Arti kata samsom dalam bahasa Matbat adalah larangan. Dengan demikian apabila sesuatu benda atau barang dikenakan samsom atau sasi maka hal itu berarti bahwa barang atau benda itu dilarang untuk diganggu dalam pengertian dirusak atau diambil untuk digunakan ataupun dimanfaatkan. Sedangkan tujuan dari pelaksanaan samsom atau sasi adalah dalam rangka mengatur penggunaan, penegelolaan dan perlindungan terhadap biota laut serta pendistribusian yang merata bagi masyarakat sehingga sumber daya alam ini dapat dinikmati secara berkelanjutan.

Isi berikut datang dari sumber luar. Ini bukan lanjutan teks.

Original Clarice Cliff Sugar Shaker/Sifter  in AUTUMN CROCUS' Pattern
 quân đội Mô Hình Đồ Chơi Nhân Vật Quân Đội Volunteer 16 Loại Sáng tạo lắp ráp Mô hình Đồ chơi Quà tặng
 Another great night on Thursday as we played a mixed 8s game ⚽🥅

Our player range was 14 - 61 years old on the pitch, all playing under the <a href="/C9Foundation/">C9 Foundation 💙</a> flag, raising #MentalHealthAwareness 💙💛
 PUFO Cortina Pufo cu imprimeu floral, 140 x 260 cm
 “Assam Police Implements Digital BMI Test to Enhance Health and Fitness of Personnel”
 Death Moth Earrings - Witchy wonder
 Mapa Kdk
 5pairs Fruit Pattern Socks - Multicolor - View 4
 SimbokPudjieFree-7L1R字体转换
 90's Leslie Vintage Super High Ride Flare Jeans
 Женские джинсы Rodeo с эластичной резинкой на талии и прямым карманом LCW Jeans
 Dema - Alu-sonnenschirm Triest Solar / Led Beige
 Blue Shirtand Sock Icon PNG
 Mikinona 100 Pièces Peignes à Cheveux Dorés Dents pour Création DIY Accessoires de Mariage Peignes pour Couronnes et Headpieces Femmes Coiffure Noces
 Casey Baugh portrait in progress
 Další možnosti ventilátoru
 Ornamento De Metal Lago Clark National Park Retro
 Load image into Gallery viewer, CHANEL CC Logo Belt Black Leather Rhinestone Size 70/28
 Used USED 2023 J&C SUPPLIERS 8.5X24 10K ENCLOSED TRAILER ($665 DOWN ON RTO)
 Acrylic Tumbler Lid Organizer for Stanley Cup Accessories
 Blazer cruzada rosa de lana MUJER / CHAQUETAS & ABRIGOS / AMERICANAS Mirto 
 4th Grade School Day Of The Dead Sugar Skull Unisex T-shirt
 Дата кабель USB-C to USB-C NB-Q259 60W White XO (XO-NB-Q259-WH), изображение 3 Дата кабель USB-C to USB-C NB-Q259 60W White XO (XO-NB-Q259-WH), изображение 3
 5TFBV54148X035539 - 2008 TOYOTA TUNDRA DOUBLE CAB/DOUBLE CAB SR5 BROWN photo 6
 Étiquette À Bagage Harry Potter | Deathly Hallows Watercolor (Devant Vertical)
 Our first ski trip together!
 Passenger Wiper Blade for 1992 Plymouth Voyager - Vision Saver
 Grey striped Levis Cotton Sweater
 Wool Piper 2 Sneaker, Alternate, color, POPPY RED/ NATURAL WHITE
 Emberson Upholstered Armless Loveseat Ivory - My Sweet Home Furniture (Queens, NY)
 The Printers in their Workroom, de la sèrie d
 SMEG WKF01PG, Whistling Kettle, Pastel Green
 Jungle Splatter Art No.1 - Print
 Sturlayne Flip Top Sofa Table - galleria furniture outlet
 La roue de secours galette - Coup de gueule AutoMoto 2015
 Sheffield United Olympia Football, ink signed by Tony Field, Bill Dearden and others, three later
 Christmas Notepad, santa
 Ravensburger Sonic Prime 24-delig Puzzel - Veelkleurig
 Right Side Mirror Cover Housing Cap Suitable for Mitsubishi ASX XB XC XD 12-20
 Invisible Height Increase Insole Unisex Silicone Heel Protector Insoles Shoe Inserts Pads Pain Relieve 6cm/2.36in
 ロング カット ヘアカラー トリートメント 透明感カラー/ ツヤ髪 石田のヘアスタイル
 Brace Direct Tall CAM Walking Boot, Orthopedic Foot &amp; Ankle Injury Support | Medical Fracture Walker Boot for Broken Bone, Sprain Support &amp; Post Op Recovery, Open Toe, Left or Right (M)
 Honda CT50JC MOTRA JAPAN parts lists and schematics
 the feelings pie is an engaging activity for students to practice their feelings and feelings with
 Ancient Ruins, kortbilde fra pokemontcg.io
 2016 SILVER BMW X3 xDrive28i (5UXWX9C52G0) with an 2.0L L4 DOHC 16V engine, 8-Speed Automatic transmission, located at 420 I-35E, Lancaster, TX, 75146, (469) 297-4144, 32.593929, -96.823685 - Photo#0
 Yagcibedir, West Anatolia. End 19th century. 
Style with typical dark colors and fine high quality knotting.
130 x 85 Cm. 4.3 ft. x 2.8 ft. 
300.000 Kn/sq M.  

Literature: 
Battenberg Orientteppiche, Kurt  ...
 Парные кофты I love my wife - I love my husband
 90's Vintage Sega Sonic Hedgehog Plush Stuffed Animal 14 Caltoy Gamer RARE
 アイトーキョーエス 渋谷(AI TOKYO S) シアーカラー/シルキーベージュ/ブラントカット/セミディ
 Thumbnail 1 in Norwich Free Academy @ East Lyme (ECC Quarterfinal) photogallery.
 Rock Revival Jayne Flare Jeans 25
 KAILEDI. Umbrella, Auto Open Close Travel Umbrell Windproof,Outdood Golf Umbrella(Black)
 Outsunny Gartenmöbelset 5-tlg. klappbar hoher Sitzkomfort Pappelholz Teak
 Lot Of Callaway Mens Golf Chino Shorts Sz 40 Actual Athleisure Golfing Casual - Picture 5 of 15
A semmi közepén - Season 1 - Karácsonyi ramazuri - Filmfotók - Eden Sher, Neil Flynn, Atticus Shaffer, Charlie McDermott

Samsom atau sasi  yang merupakan system konservasi alam secara tradisional oleh orang Matbat ini dilaksanakan sekali setiap tahun dan berlangsung kurang lebih enam sampai tujuh bulan. Biasanya acara sasi dilaksanakan pada bulan-bulan dimana angin bertiup kencang, yaitu musim angin barat  yang berlangsung antara bulan … sampai bulan….. Ritus sasi  dipimpin oleh seorang tokoh masyarakat yang disebut mirinyo yang dalam struktur kekuasaan pemerintahan adat adalah pembantu raja yang mempunyai tugas untuk memimpin upacara-upacara kegamaan dan menyelasaikan masalah-masalah sengketa yang terjadi antar warga dalam masyarakat.

Pelaksanaan sasi  dimulai dengan acara penanaman tanda larangan yang disebut “gasamsom” sebanyak tiga buah. Tanda larangan atau gasamsom itu berupa  batang pohon salam yang daunnya dipangkas sedangkan cabang dan rantingnya dibiarkan utuh pada batang pohonnya. Tanda larangan  yang pertama ditancapkan di depan kampung yang menghadap ke laut dan dua yang lainnya masing-masing ditancapkan di ujung-ujung kampung, juga menghadap ke laut.

Ritus penanaman tanda larangan itu diawali dengan pembacaan mantra oleh pemimpin uapacara tutup sasi, yaitu mirinyo. Mantra yang dibacakan iu ditujukan kepada para penjaga laut yang dipercayai bahwa merekalah yang menjaga dan memberi kesuburan kepada biota laut sehingga jumlahnya akan berlimpah-limpah. Kata-kata mantra itu diucapkan oleh mirinyo  menjelang fajar pagi bertempat di depan kampung yang menghadap ke laut dan setelah mantra diucapkan maka tanda larangan pertama, gasamson, berupa pohon larangan itu ditancapakan kedalam tanah. Pada cabang dan ranting-ranting pohon yang dijadikan tanda larangan itu digantung sesaji yang disebut sababete berupa rokok, tembakau, pinang dan carik-carik kain berwarna merah. Pada saat  pohon larangan itu ditanam  maka sejak saat itu larangan untuk mengambil hasil biota laut diberlakukan bagi seluruh warga masyarakat kampung maupun orang lain yang berkunjung atau bertamu ke kampung itu. Larangan tersebut berlaku selama masa sasi di daerah /perairan laut yang merupakan wilayah kekuasaan kampung.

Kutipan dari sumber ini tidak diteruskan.